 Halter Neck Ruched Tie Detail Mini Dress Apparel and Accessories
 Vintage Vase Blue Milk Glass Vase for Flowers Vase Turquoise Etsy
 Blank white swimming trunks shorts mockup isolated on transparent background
---
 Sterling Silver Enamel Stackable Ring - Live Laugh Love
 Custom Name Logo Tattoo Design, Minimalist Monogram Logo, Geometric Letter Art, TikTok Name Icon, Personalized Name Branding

» ASSIGNED TASK
As the answer, set down only the lines from the data above between the one holding "Halter Neck Ruched" and the one holding "Blank white swimming", inclusive, exactly as they read.

» TASK SOLUTION
 Halter Neck Ruched Tie Detail Mini Dress Apparel and Accessories
 Vintage Vase Blue Milk Glass Vase for Flowers Vase Turquoise Etsy
 Blank white swimming trunks shorts mockup isolated on transparent background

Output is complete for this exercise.